A few weeks ago, my husband Will told me that he thought he’d seen a rotten egg in the chicken run, but didn’t know how long it had been there. It was black, and big, but looked like one of the chickens had broken it a while ago.
When I went outside to inspect and clean it up with the kitty litter scoop, I discovered that it was, in fact, a giant black poop.
Smelly. Hard. And looking like our chicken had been constipated for days.
I opened the coop to see if I could find any more poop bombs in there (because as a chicken-keeper, inspecting poop happens to be part of the job — lucky us!), and sitting inside her egg box was Iman, our Golden-Laced Cochin.
Her body was sprawled across the entire nest, nearly flattened, and she looked at me with defiance.
It had been a few hours since Will had gone down there and reported her sitting in the nest. She hadn’t laid an egg all week, which led me to believe that our gal had just turned broody again.
What does it mean when a chicken is broody?
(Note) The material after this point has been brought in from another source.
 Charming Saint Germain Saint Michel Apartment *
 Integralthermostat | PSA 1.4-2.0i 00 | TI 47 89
Broodiness is a natural chicken instinct that happens to some chickens every year, and others not at all. It switches on as soon as they’re old enough to lay, between five and eight months old.
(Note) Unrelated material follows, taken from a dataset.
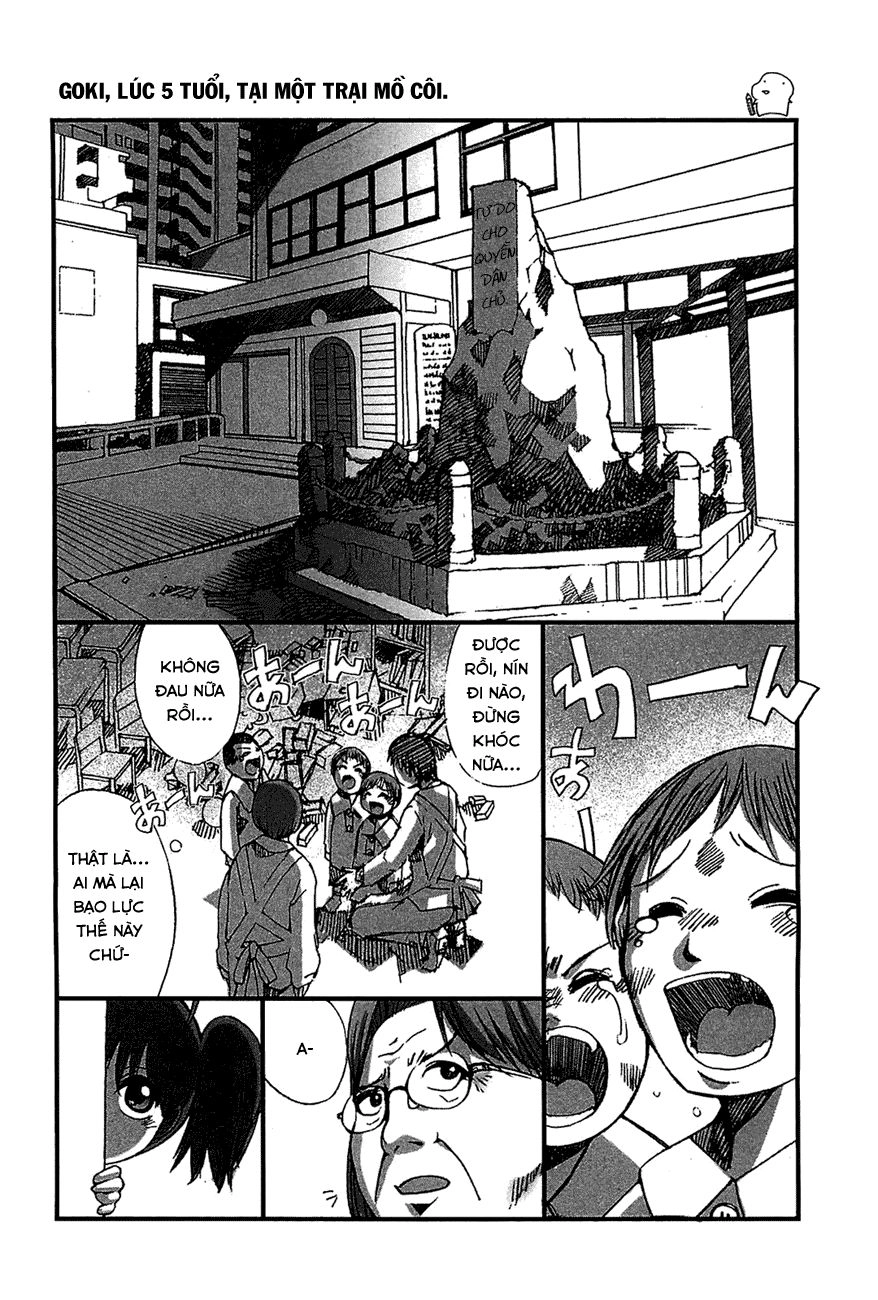 Arachnid Chapter 15 - 36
Certain breeds of hens are more broody than others. Cochins have a strong tendency to turn broody every year during their prime egg-laying years, as do Buff Orpingtons, Buff Rocks, Brahmas, and Silkies.
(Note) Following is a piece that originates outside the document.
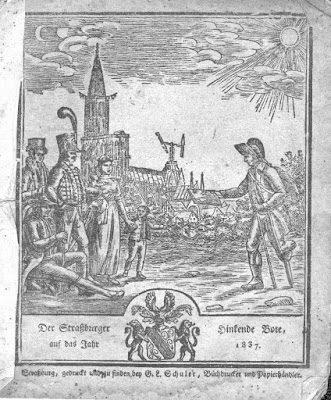Wikipedia. On voit à l'arrière-plan la cathédrale avec le télégraphe Chappe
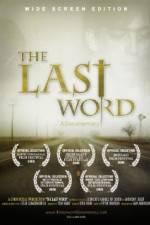 The Last Word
Their hormones kick in overtime, much as women’s do when they’re pregnant, and they focus all of their energy into hatching a clutch of eggs.
The telltale symptom of a broody hen is a sudden display of motherly instinct: sitting on a nest to keep the eggs warm for several hours a day, putting the babies’ needs in front of hers and making sure the eggs are well protected.
This is all fine and dandy if your chicken does have eggs to hatch, but sometimes, a chicken will sit on unfertilized eggs or even imaginary eggs.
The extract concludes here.